The Labor Code Challenge

carpenters building  a houseOne of the interesting things I have observed in construction/remodeling companies is the assumption that everybody’s interpretation of certain “givens” is the same. For example, a while ago I worked with a company whose job cost reports were consistently skewed within a pair of phases. It appeared that the estimator always underestimated on one category and overestimated in another. After some investigation it became obvious that the estimator was counting exterior prep and cleanup work under one phase heading and interior prep and cleanup work under a different phase heading. Meanwhile, everybody from laborers to lead carpenters was happily and consistently recording their time differently. Once there was clarification about what the estimator meant by a given labor code, the problem went away.
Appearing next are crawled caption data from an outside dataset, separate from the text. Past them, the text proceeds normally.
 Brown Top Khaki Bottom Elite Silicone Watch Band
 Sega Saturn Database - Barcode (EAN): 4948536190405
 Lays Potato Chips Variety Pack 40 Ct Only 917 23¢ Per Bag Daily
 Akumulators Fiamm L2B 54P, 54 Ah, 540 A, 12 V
The point is that it’s important to be sure that what goes into labor categories is well understood to avoid confusion, guesswork, and skewed reports. While it may seem obvious to the estimator that gutters belong with roofing, on site labor may find it equally legitimate to log gutter installation with exterior trim (after all, it’s attached to the fascia).
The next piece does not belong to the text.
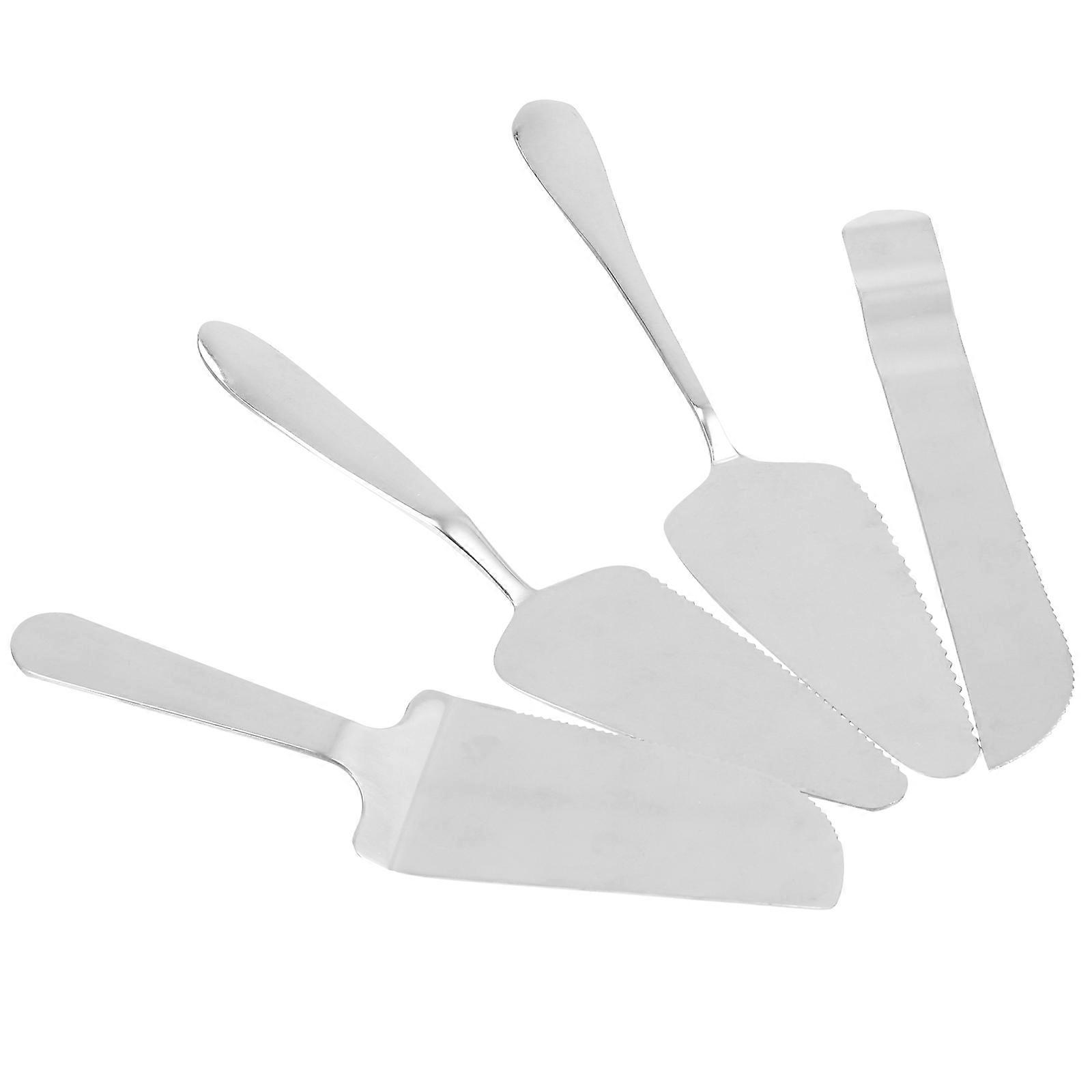 4PCS Cake Practical Durable Household Cake Bread Pizza Cutting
However, there is often an inverse relationship between accuracy of field data recording and number of labor codes available. In other words, given lots and lots of well-defined codes from which to draw, although it would seem logical to expect there to be fewer instances of inaccurate time logging (i.e. attributing time spent on a given task to the wrong labor code), my observations suggest that the long list of possible codes actually induces less accuracy. Field personnel have confided to me that they may pick a job code because “I haven’t used that in a while” or because they feel they “should have” spent time performing the task. When there are lots of categories with specific descriptions, any task that doesn’t quite fit may get relegated to an “other” category, if present. One office data enterer reported to me that the most frequently used of the 100+ labor codes was “Other.” Obviously, this situation leads to meaningless job cost reports for labor. So in a way, too-closely defining labor categories can work against you: with everything spelled out, too many tasks are excluded. An effective approach is to select a reasonable number of labor codes with clear titles, but leave it vague enough for your field personnel to make judgment calls. For example, it might work better to have Exterior Painting Prep and Exterior Painting as categories rather than Fill, First Sanding, Prime, First coat, Second Sanding, Second Coat, etc. If some grubby exterior requires a power wash, a specific but more all-inclusive category such as Exterior Painting Prep could be used. With the other, more specific categories, power washing might get stuck in Other.

The challenge is to create a balance between the estimator’s need to get useful data from “estimated vs. actual” job cost reports, the field worker’s need to record everything he does in the appropriate category, and the owner’s need to get good, phase-based financial data from the reports.